Scraped caption text data:
..........

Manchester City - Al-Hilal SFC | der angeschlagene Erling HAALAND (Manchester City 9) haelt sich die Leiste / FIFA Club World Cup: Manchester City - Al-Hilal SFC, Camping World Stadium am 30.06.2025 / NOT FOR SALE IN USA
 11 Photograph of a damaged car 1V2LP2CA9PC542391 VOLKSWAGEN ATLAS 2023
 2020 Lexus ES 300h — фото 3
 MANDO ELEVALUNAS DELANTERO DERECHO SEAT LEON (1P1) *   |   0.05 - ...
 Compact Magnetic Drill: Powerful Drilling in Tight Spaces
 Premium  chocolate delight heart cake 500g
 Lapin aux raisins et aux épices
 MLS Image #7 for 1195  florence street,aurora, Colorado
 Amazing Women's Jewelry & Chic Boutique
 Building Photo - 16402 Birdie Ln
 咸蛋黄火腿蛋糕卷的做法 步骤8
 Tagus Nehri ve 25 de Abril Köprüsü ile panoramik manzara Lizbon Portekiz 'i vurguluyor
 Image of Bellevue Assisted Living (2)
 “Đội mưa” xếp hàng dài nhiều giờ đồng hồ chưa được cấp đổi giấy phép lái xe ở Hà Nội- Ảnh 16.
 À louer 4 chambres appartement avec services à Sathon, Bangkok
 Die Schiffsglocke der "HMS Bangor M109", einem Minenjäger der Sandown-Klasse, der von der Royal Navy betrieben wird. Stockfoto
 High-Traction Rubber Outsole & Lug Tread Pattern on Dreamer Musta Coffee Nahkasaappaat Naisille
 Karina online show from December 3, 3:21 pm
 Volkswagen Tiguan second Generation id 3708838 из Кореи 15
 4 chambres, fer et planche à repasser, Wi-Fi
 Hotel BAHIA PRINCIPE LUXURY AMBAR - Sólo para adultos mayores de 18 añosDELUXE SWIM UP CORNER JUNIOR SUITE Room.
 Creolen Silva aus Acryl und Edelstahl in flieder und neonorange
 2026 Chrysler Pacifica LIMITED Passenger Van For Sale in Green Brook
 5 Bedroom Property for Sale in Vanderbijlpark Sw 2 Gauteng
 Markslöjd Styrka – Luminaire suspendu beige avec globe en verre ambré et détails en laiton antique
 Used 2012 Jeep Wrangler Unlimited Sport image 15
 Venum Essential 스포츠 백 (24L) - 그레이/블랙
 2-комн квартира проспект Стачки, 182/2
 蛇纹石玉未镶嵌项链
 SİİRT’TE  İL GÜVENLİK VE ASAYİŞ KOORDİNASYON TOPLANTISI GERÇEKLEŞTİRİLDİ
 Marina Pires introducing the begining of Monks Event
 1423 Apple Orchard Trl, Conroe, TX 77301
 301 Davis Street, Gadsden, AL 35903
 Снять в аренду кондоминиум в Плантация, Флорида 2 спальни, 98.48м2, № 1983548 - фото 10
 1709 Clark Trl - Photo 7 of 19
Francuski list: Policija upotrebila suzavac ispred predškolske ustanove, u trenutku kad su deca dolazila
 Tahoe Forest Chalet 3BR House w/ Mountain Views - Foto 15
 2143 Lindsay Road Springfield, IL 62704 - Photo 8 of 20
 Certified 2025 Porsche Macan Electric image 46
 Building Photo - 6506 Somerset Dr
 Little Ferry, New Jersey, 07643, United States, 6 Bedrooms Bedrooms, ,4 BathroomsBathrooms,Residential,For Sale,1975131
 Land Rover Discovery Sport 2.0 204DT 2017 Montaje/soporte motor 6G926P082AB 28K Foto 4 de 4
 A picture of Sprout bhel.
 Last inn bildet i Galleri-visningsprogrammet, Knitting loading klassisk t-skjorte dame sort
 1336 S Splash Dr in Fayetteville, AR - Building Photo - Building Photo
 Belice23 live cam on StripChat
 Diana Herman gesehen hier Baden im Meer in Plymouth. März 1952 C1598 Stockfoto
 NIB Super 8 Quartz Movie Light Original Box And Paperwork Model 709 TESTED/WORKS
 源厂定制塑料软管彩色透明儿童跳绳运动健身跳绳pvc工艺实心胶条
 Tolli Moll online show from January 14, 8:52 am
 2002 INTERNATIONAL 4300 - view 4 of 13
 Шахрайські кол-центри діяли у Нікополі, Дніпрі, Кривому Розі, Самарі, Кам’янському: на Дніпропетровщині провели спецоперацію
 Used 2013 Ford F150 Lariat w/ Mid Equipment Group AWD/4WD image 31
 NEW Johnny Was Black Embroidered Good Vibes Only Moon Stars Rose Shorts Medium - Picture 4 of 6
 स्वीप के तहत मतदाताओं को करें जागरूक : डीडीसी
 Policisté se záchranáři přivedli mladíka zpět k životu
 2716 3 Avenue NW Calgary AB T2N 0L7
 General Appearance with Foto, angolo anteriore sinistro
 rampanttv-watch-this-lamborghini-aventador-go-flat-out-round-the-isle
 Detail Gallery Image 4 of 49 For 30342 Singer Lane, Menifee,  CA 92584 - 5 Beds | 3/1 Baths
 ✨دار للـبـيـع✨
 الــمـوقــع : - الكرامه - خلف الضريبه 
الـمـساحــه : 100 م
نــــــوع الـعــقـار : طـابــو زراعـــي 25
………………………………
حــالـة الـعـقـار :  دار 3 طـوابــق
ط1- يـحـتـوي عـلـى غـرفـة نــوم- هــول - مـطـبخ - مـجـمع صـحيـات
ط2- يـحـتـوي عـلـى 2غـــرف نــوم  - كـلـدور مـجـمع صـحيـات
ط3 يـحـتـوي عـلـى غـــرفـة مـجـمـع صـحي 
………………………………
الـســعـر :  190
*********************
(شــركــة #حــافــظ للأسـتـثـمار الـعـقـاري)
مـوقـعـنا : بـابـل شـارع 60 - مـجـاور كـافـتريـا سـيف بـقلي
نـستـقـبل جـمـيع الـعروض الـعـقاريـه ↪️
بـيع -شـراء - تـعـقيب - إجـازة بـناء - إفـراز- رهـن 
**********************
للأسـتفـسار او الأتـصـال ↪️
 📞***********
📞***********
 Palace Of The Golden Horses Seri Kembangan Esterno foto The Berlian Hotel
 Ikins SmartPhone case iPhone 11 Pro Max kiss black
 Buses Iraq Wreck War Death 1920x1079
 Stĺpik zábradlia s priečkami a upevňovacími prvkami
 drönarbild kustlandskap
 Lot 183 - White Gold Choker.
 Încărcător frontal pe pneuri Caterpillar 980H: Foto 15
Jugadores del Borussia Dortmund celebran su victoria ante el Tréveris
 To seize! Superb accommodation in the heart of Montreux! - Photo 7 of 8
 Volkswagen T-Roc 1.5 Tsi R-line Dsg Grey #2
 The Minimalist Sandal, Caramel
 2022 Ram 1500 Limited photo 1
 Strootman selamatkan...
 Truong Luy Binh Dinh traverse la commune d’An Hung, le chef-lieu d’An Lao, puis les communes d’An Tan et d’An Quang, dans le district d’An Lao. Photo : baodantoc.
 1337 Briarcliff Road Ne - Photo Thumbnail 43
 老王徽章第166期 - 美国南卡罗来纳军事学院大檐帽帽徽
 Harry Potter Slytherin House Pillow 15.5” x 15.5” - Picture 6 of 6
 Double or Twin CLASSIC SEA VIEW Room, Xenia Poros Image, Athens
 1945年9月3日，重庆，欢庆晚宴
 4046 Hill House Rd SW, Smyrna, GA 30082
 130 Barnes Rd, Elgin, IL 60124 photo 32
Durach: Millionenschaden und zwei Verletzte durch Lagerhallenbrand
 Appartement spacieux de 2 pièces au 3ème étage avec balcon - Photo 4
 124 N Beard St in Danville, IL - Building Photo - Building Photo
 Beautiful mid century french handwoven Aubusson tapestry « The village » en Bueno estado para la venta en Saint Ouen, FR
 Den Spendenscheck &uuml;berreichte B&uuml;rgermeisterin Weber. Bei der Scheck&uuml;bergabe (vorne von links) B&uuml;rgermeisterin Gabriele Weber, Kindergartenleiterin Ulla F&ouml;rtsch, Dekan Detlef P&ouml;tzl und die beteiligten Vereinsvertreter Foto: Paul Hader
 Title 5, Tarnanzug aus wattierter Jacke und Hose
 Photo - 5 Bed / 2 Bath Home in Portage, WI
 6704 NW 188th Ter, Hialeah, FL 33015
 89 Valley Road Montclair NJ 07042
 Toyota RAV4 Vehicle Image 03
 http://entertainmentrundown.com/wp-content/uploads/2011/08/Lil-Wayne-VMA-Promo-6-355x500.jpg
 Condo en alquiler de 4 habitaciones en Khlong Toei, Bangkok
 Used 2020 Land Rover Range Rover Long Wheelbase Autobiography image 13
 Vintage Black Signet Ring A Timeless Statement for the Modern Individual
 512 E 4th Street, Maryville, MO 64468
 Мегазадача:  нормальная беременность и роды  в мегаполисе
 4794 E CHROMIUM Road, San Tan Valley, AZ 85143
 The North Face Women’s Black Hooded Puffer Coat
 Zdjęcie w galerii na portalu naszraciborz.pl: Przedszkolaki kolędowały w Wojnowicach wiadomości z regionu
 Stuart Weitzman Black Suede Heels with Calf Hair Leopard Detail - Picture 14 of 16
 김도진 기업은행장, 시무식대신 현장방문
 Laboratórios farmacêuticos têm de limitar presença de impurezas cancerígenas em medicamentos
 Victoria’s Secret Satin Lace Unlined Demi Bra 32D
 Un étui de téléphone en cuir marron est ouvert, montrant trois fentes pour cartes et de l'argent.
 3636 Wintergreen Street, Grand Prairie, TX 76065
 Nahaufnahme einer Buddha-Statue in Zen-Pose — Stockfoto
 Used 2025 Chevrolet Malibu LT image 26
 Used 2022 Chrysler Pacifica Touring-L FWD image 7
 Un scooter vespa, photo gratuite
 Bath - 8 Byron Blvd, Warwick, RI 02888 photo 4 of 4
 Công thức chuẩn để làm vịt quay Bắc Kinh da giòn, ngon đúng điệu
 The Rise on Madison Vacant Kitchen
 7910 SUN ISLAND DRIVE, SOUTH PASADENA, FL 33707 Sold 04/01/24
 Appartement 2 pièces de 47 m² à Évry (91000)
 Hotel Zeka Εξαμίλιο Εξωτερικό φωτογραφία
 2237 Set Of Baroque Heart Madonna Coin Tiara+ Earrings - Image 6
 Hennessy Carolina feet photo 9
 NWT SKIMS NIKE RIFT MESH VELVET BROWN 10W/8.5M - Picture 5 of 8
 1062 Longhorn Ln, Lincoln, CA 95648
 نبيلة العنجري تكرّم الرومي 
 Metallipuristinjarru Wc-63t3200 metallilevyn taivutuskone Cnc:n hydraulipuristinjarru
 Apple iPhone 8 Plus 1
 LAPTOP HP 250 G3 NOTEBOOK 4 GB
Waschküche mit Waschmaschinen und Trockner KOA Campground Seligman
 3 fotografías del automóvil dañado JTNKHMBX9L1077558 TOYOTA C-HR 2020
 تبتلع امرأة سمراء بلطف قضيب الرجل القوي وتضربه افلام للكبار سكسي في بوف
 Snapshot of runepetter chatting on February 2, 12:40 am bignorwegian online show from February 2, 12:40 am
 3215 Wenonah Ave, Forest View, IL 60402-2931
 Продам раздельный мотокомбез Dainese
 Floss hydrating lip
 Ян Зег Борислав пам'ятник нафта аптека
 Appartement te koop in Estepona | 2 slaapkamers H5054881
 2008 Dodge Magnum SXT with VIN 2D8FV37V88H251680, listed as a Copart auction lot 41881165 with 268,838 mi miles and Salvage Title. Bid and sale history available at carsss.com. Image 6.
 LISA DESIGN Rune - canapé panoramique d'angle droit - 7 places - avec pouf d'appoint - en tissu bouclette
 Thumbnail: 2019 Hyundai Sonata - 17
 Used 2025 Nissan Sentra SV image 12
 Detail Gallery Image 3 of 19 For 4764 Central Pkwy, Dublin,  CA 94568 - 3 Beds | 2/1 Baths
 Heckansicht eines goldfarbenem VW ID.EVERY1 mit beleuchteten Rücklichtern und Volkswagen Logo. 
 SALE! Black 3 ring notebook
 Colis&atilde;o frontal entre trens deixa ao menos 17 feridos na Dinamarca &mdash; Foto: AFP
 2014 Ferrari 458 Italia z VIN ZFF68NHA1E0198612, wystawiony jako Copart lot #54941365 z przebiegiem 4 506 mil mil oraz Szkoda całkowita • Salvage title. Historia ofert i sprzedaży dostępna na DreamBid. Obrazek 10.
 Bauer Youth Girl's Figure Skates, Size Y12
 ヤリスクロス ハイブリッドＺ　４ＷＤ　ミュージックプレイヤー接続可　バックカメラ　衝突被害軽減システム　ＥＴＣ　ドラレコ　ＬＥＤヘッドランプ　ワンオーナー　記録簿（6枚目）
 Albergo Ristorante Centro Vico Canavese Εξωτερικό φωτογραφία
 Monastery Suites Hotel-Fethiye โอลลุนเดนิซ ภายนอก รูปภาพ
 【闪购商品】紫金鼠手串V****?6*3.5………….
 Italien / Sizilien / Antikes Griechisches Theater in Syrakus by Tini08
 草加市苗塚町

..........

What is expected:
Quote the records above from their first line through the line containing "Hotel BAHIA PRINCIPE", both ends included.

Response to this exercise:
Manchester City - Al-Hilal SFC | der angeschlagene Erling HAALAND (Manchester City 9) haelt sich die Leiste / FIFA Club World Cup: Manchester City - Al-Hilal SFC, Camping World Stadium am 30.06.2025 / NOT FOR SALE IN USA
 11 Photograph of a damaged car 1V2LP2CA9PC542391 VOLKSWAGEN ATLAS 2023
 2020 Lexus ES 300h — фото 3
 MANDO ELEVALUNAS DELANTERO DERECHO SEAT LEON (1P1) *   |   0.05 - ...
 Compact Magnetic Drill: Powerful Drilling in Tight Spaces
 Premium  chocolate delight heart cake 500g
 Lapin aux raisins et aux épices
 MLS Image #7 for 1195  florence street,aurora, Colorado
 Amazing Women's Jewelry & Chic Boutique
 Building Photo - 16402 Birdie Ln
 咸蛋黄火腿蛋糕卷的做法 步骤8
 Tagus Nehri ve 25 de Abril Köprüsü ile panoramik manzara Lizbon Portekiz 'i vurguluyor
 Image of Bellevue Assisted Living (2)
 “Đội mưa” xếp hàng dài nhiều giờ đồng hồ chưa được cấp đổi giấy phép lái xe ở Hà Nội- Ảnh 16.
 À louer 4 chambres appartement avec services à Sathon, Bangkok
 Die Schiffsglocke der "HMS Bangor M109", einem Minenjäger der Sandown-Klasse, der von der Royal Navy betrieben wird. Stockfoto
 High-Traction Rubber Outsole & Lug Tread Pattern on Dreamer Musta Coffee Nahkasaappaat Naisille
 Karina online show from December 3, 3:21 pm
 Volkswagen Tiguan second Generation id 3708838 из Кореи 15
 4 chambres, fer et planche à repasser, Wi-Fi
 Hotel BAHIA PRINCIPE LUXURY AMBAR - Sólo para adultos mayores de 18 añosDELUXE SWIM UP CORNER JUNIOR SUITE Room.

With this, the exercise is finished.